非常に面白い。まず演出方針として、常に試合の自然時間に乗せて、それぞれのキャラの主観を移動していくという方法がとられている。普通物語では物語に必要な時間だけを描いて、重要でない時間は省略するものだけど、このアニメでは試合内ではそういった省略が行われないので、一球一球とすぎていく野球特有の緊張感のある時間の流れをリアルタイムで感じることが出来る。物語内の時間と現実の自然時間を一致させる手法はよくあるものだけど、さすがに野球作品ではなかったんじゃないだろうか。

その手法によって出来てしまう緊張感の空白は、あたかも心の声を聞くことが出来るマイクを持ったカメラマンが駆け回って取材してるかのように、それぞれのキャラの内面を描くことによって満たされている。この作品の特異なところは、不安定な内面を持った主役と安定した内面を持った脇役という区別がないことで、内面を描かれるほとんどのキャラが、他人の内面がわからないことによる不安感を抱えている。だから敵のチームのも含めて誰かが主役という感じがしない。今回も三星高校の部員が主役であるように感じられることが何度もあった。

それによって強く感じることが出来るのは、野球がチームプレイのようで実際はひどく孤独なものでもあるということ。
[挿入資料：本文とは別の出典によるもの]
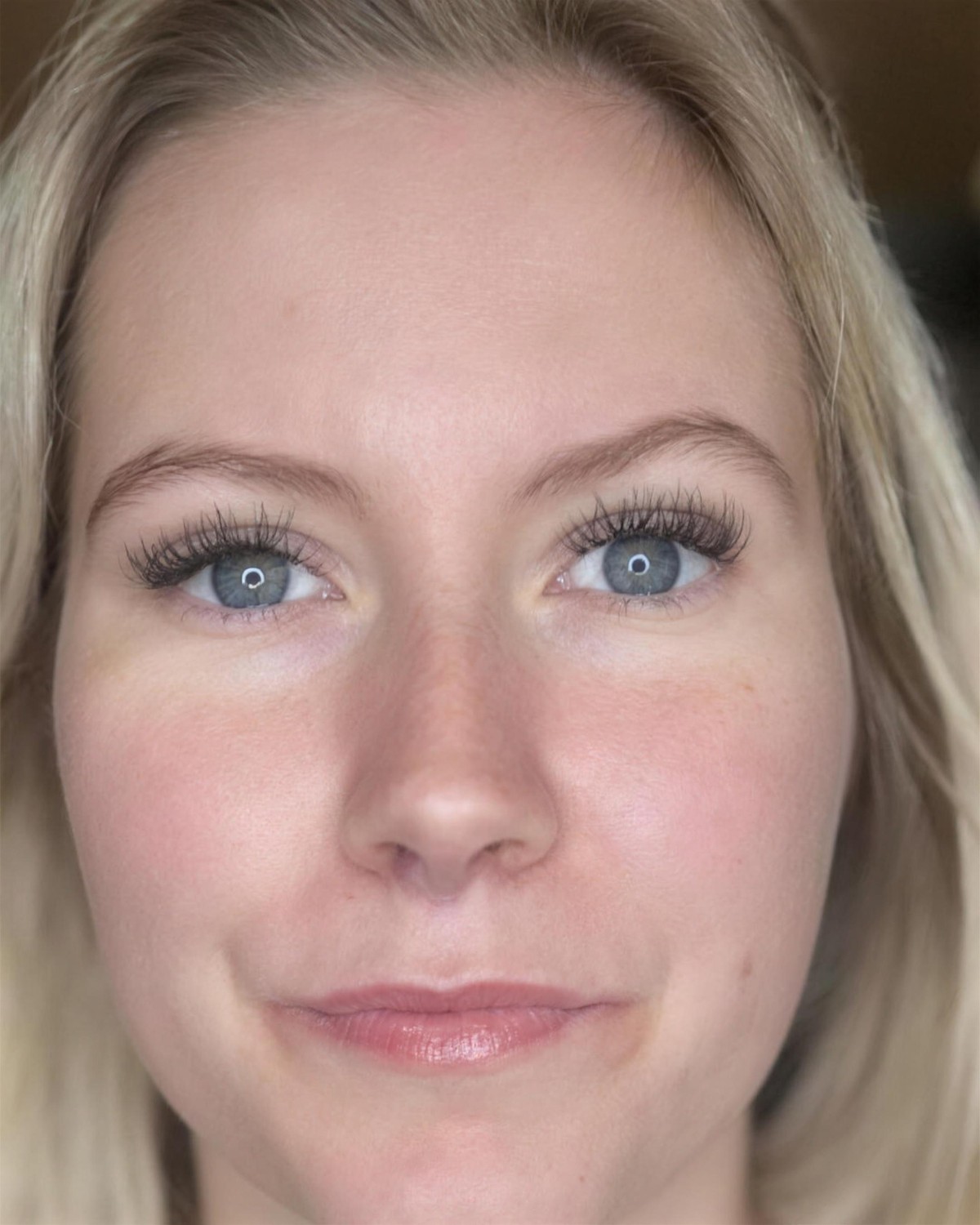 Bryn før behandling hos Fairbeauty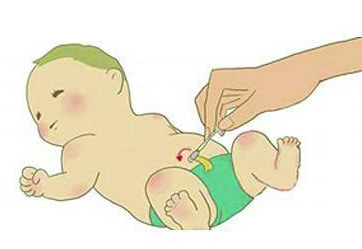 新生儿脐带护理，家长需要掌握哪些技巧？(图1)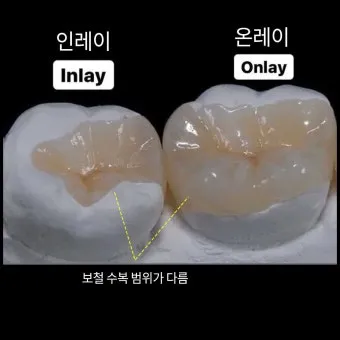 인레이 온레이의 차이와 치료 방법_52
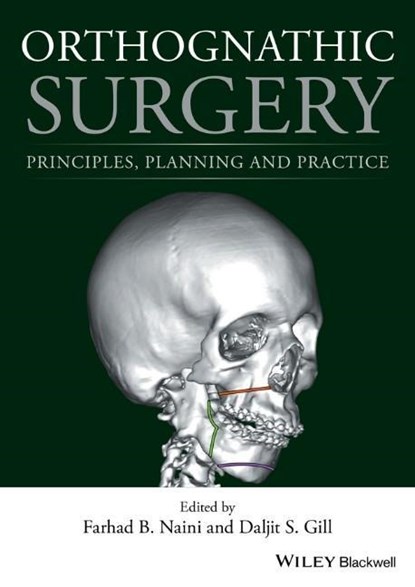 Orthognathic Surgery, Farhad B. (Kingston Hospital; St George's Hospital and Medical School Naini ; Daljit S. (Great Ormond Street Hospital NHS Foundation Trust; UCLH Eastman Dental Hospital Gill - Gebonden - 9781118649978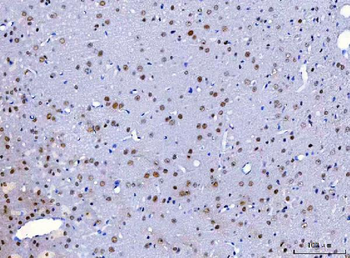 Anti-HnRNP H/HNRNPH1 Antibody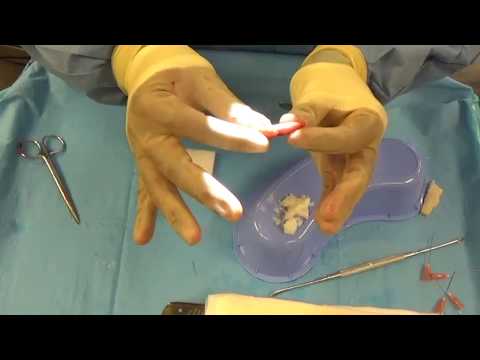 Video thumbnail: Shaved Cartilage Fascia (SCF) graft creation - Plastic Surgery Hacks for DCF graft creation — Dr. Manish H. Shah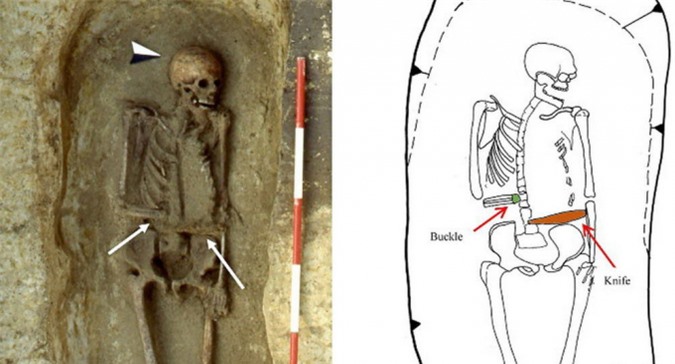 Sự thật đáng sợ về bộ hài cốt người đàn ông lắp dao thay bàn tay
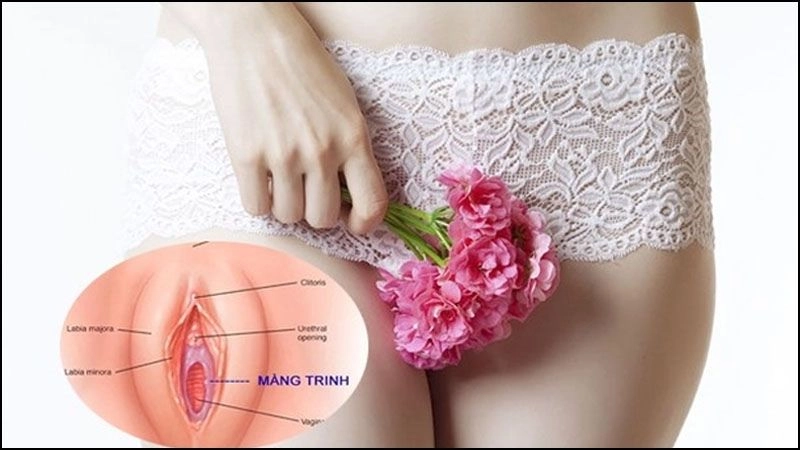 Màng trinh còn được gọi là màng ngăn âm đạo là một màng mỏng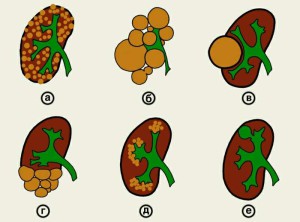 Губчаста нирка симптоми, причини і лікування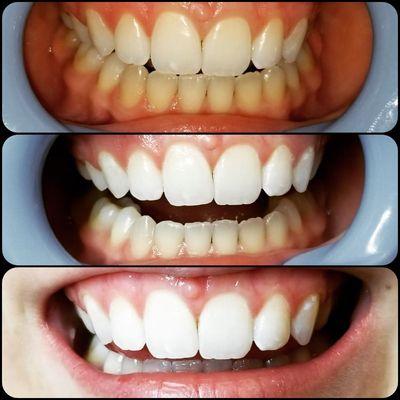 Three Session Teeth Whitening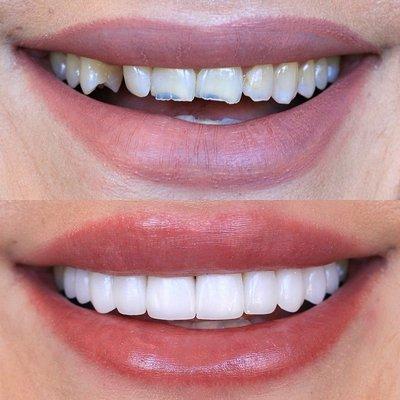 Bridge and veneers!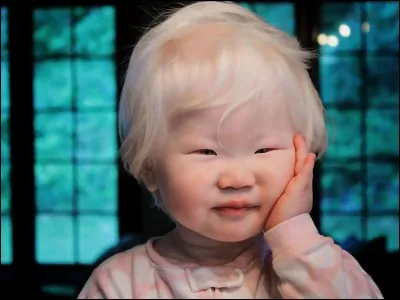 Laquelle de ces maladies se caractérise essentiellement par une quasi-absence de production de la mélanine ?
結局のところ自己中心的な行為の総体でしかないという、あまり知りたくないリアリティを総合的に把握してしまう。それがこの作品の独特の暗さを生み出している。しかし、だからこそ三星学園の和解は心を打つし、三橋と阿部の間の繋がりが緊密になっていくのを強く感じる。徹底的な自己中心性のぶつかり合いの結果に生まれた同意には嘘がないから。

しかしその内面の動きを全く把握せず完全に蚊帳の外にいて、ついには本当に網越しに映っていたマネージャーはいったいなんなのだろーか。